The Hymns and Carols of Christmas

The Holly Tree

Words: Robert Southey

Source: Henry Vizetelly, Christmas With The Poets (London: David Bogue, 1851).

O reader! hast thou ever stood to see
    The Holly-tree?
The eye that contemplates it well, perceives
    Its glossy leaves
Order'd by an intelligence, so wise
As might confound the Atheist's sophistries.

Below a circling fence its leaves are seen,
    Wrinkled and keen;
No grazing cattle through their prickly round
    Can reach to wound;
But as they grow where nothing is to fear,
Smooth and unarm'd the pointless leaves appear.

I love to view these things with curious eyes,
    And moralize:
And in this wisdom of the Holly-tree
    Can emblems see,
Wherewith perchance to make a pleasant rhyme,
One which may profit in the after-time.

Thus, though abroad perchance I might appear
    Harsh and austere,
To those who on my leisure would intrude
    Reserv'd and rude;
Gentle at home amid my friends I'd be,
Like the high leaves upon the Holly-tree.

And should my youth, as youth is apt, I know,
    Some harshness show,
All vain asperities I day by day
    Would wear away,
Till the smooth temper of my age should be
Like the high leaves upon the Holly-tree.

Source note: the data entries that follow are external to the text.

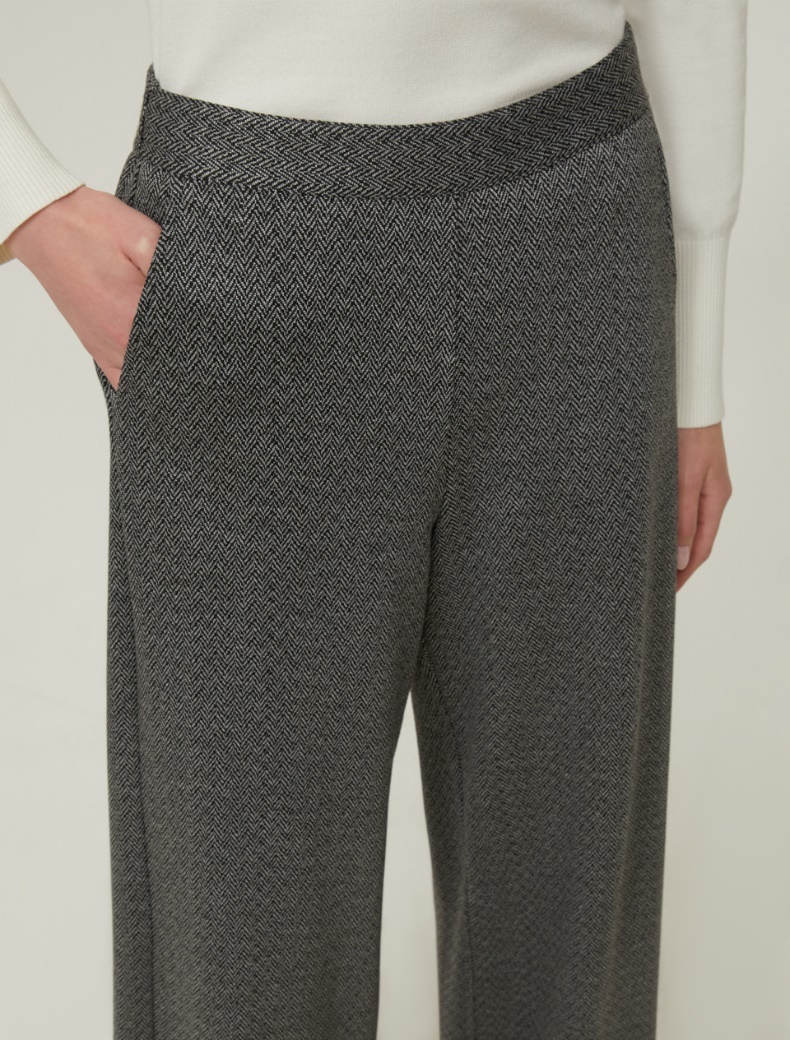 Wide-fit herringbone jersey trousers - BLACK - pennyblack
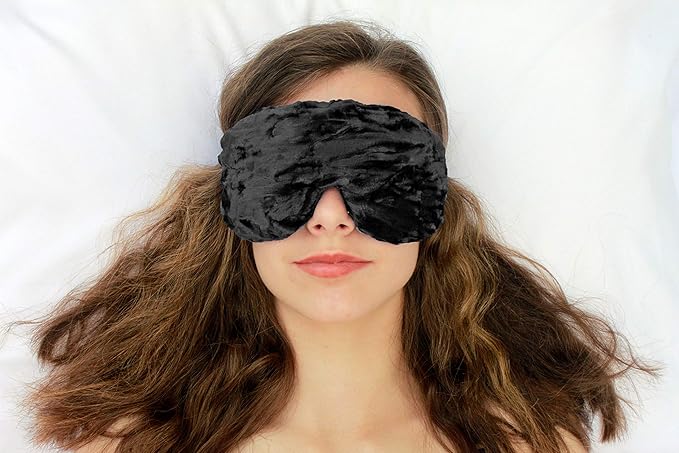 Handmade Weighted Sleep Eye Mask Yoga Pillow - Flax Seed Fill - Lavender Scented - Red Moon Bloom - TEMFL-RB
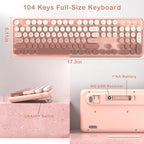 Colorful Wireless Keyboard and Mouse Combo, COVEVA 2.4GHz Wireless Retro Cute Round Keycaps Keyboard, 104 Keys Full-Sized Keyboard Mouse Set with Switch Button for PC Laptop Desktop (Rose Gradient)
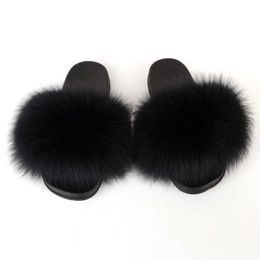 Slippers Furry Slippers Women Summer Furry Sandals Flip Flops Female Shoes Mules Plush Real Fur Slides Ladies Luxury Soft House Slippers Z0328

And as when all the Summer trees are seen
    So bright and green,
The Holly-leaves their fadeless hues display
    Less bright than they;
But when the bare and wintry woods we see,
What then so cheerful as the Holly-tree?

So serious should my youth appear among
    The thoughtless throng;
So would I seem amid the young and gay
    More grave than they;
That in my age as cheerful I might be
As the green winter of the Holly-tree.